No one wants their personal life to cast a shadow on their career or their relationship with co-workers, and that’s especially true if you are going through a divorce.
However, it can be challenging to isolate work from private matters while dealing with the emotions of divorce, as well as potential court appearances, phone calls and other demands for your time.
Strategies to keep your divorce and job separate
While managing a divorce at work can be a balancing act, here are some steps you can take to keep disruptions to a minimum and avoid damaging your career:
- Schedule divorce tasks: In a perfect world, you would deal with divorce matters only on your time off, but that’s unlikely if you work a regular 9-to-5 job Monday through Friday. Set aside time each day, maybe a lunch hour, to respond to emails or make phone calls related to the divorce.
- Use personal email: Never use your work email for personal business, especially related to divorce. If you use your work email, your messages may not be private, and by doing so, you may waive your right to attorney-client privilege by using an unprotected server.
- Be discreet and organized: If you use the same computer or laptop for work and personal matters, create a master folder containing all files related to your divorce.

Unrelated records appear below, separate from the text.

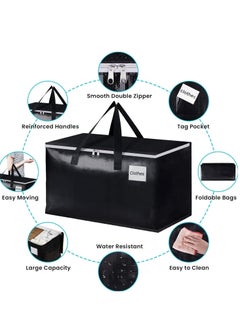 XICEN 6pcs Waterproof Large Moving Storage Bags, 93L Moisture proof Clothes Shoes Storage Bags, Foldable Travel Luggage Bags Totes, Closet Organizer Storage Backet, Equipped with Zippers & Handles & Label Bag  - Image 4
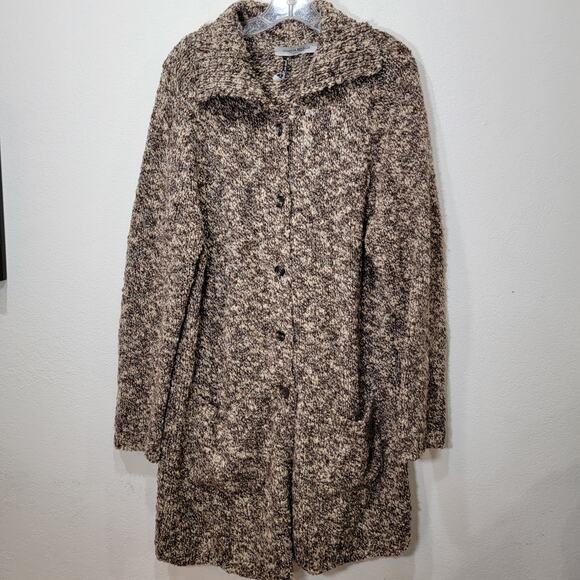 Marina Rinaldi Sweater L Wool Chunky Knit Long Brown Button Pocket Grandpa Italy - Picture 1 of 13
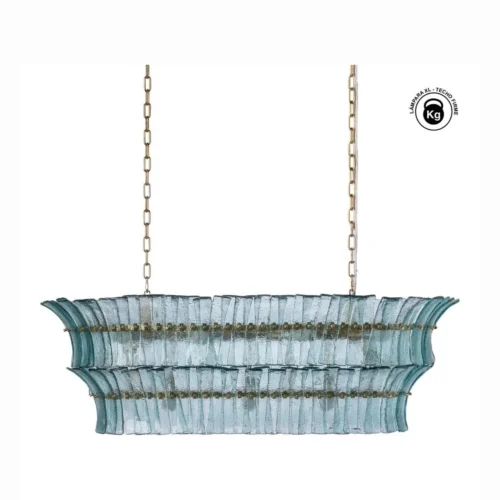 Plafonnier en verre vert Ixia 118 cm — vue 2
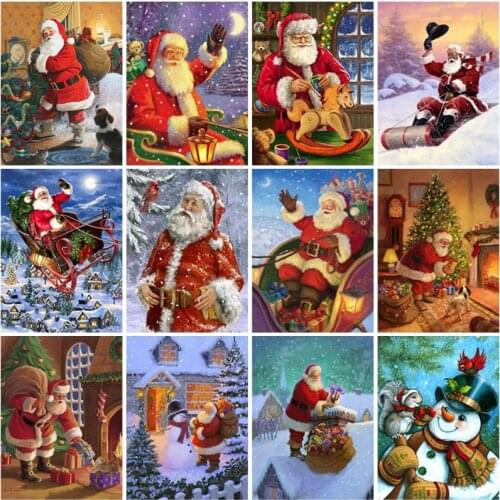 DIY 5D Diamond Painting Full Square Drill Snowman Christmas Gift Diamond Embroidery Santa Claus Resin Cross Stitch Kits Decor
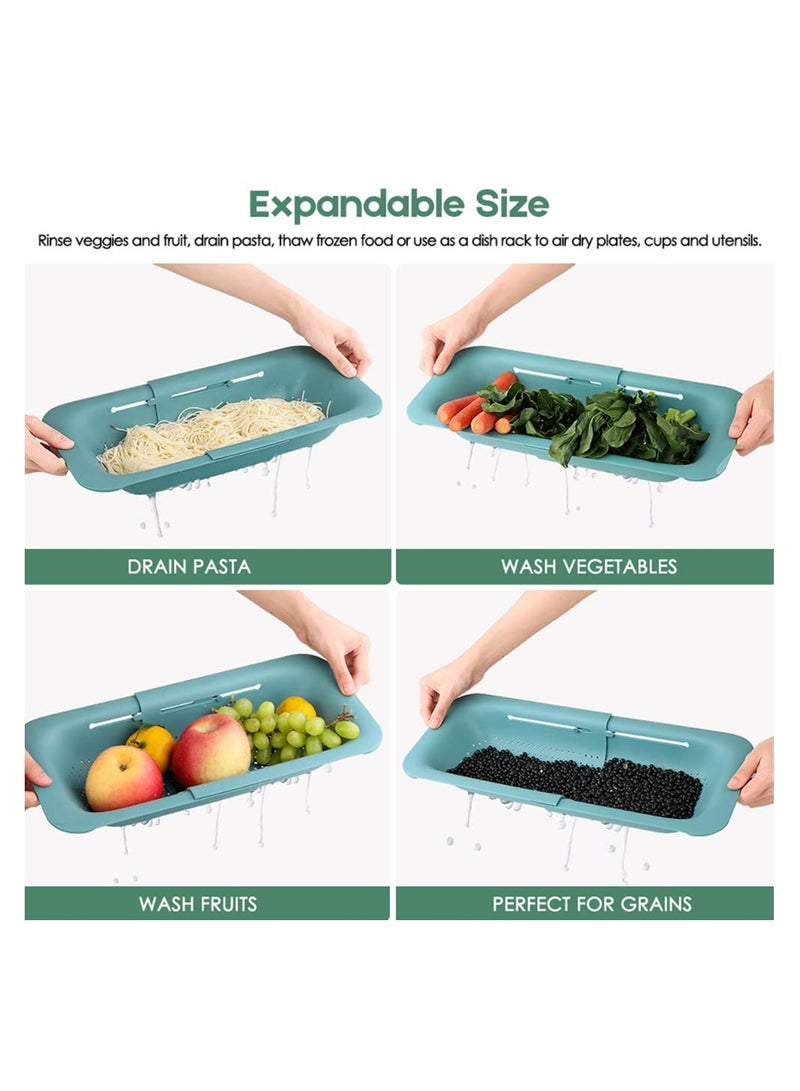 SYOSI Expandable Colander, Over-Sink Drainer Over-Sink Drainer Kitchen Space-Saver Multi-Purpose Kitchen Colander Noodle and Pasta Strainer Sink-Top Colander for Draining Pasta, Vegetable and Fruit - Image 3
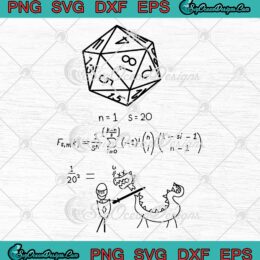 The Science Of 20 Sided Dice SVG, D20 Math Dungeons Dragons SVG, DnD Gaming SVG PNG EPS DXF, Cricut File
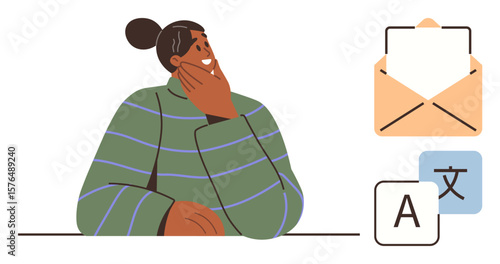 Person in reflective pose next to an envelope and language icons, suggesting multilingual communication. Ideal for translation, communication, education, messaging, culture, technology, simple flat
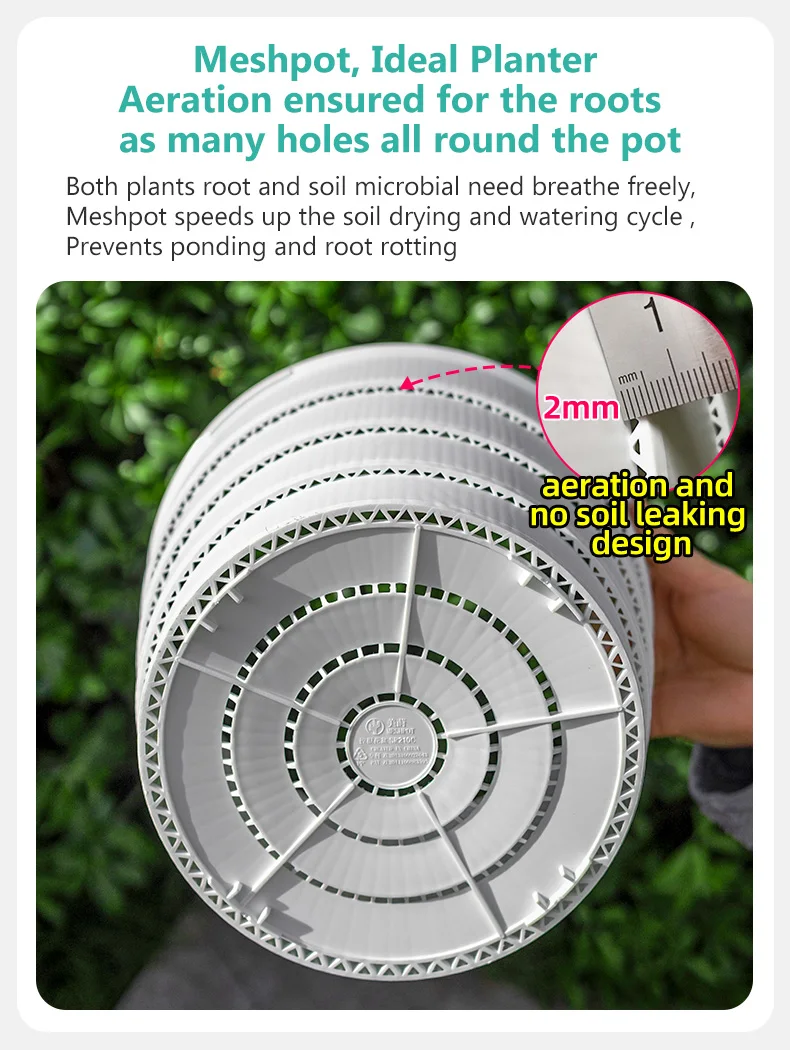Meshpot Kunststoff Blumentopf Garten Töpfe Pflanzer mit Luft Löcher für Home Pflanzen Garten Zubehör 14cm/17cm/21cm/25cm – Detail 4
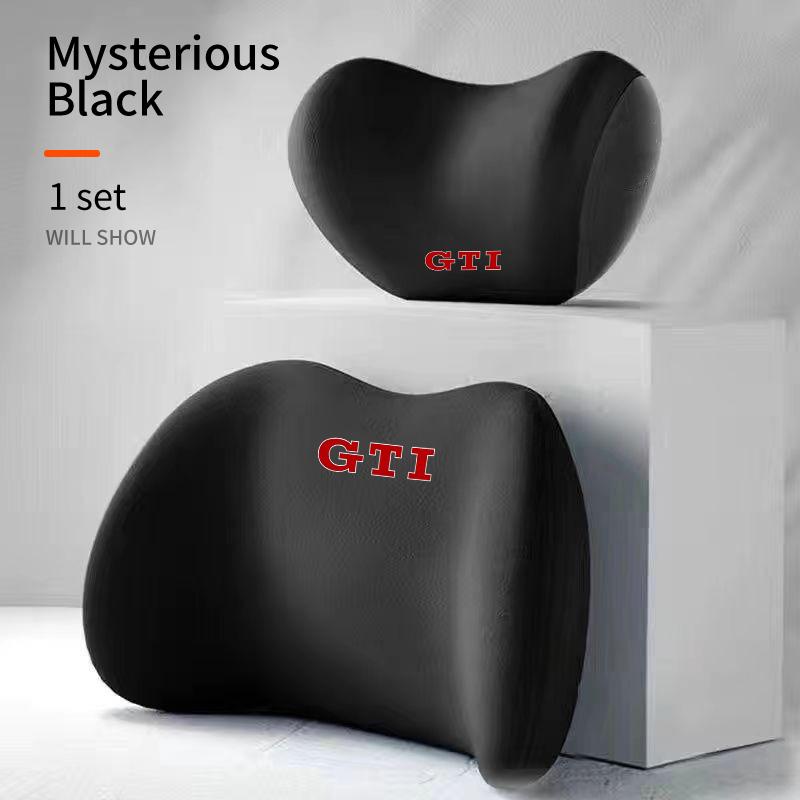 2026 Hot For Volkswagen VW Car Lumbar Back Support Headrest Neck Pillow Car Seat Cushion For Volkswagen VW Golf GTI Polo Passat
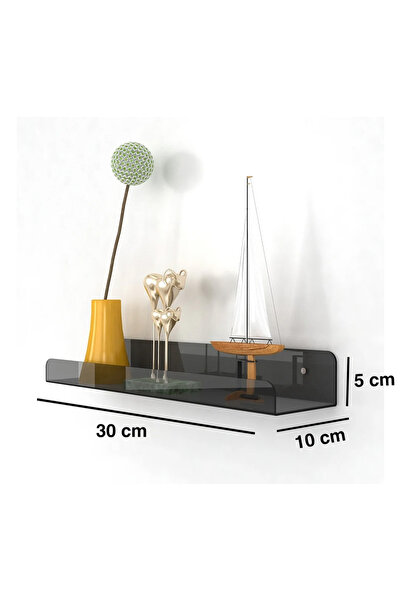 Trend Pleksi Transparan Füme Duvar Raf (30cm x 10cm)
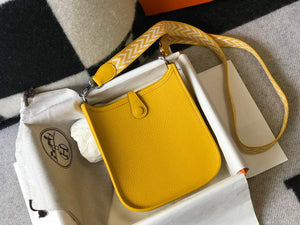Hermes Evelyne Bag Designer Hermes Mini Crossbody Real Bag 20426 Yellow - Default Title - View 2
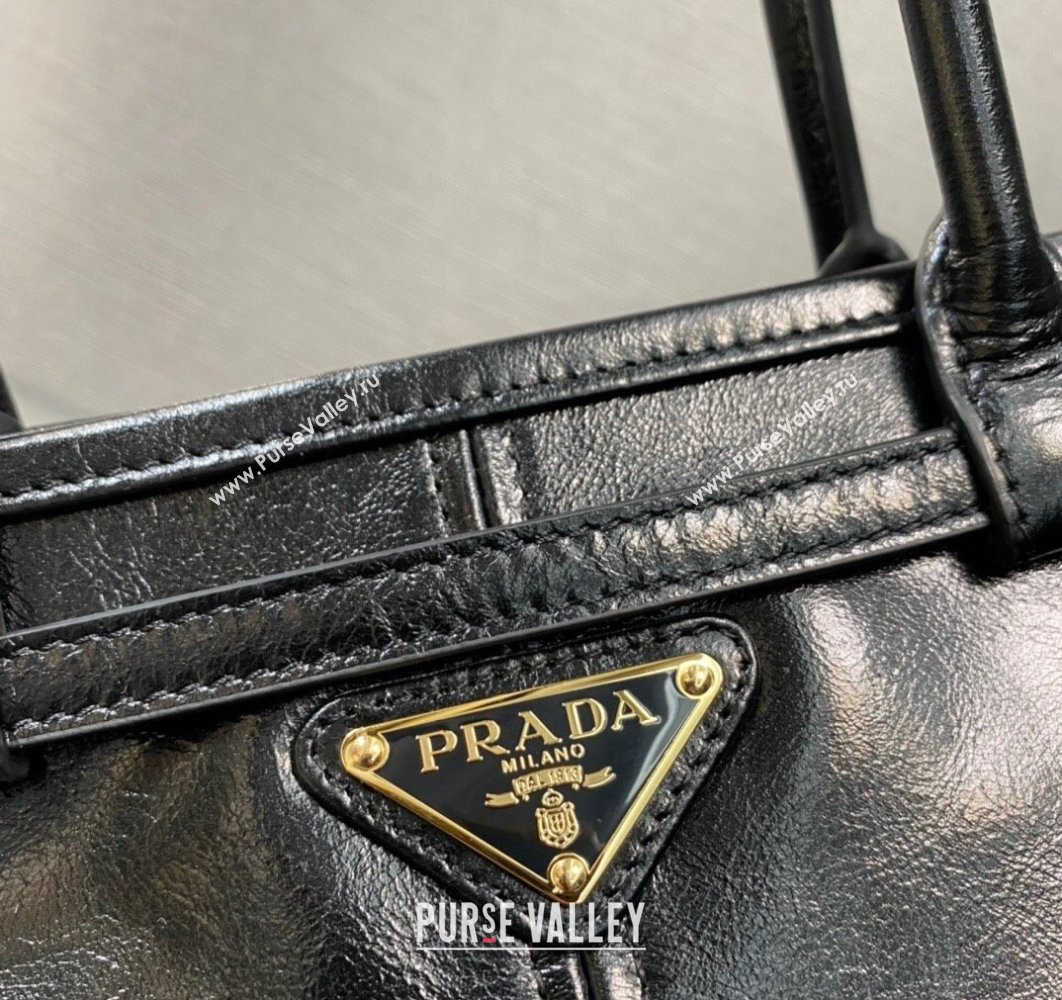 Prada Medium leather handbag with Long Handle 1BA426 Black 2024 (ziyin-24022859)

Keep hard copies in a safe place, and never leave papers containing confidential information where others can access them.
- Only alert those who need to know: Never discuss your divorce with co-workers except for specific individuals, such as human resources representatives who will end up providing documents required for your divorce, or a business partner if you are the co-owner of the business.
- Minimize the effects on HR colleagues: Instead of approaching human resources multiple times by requesting one document, work with your attorney to figure out everything you’ll need and present them with one organized list of paperwork.
Use common sense and don’t jeopardize your case
Keeping discussions at work about your divorce confined to those who need to know helps you keep a positive professional image as well as maintaining your privacy. And if that’s not enough, remember that your co-workers could be called to testify about any intimate details you may have shared at work relating to your personal life.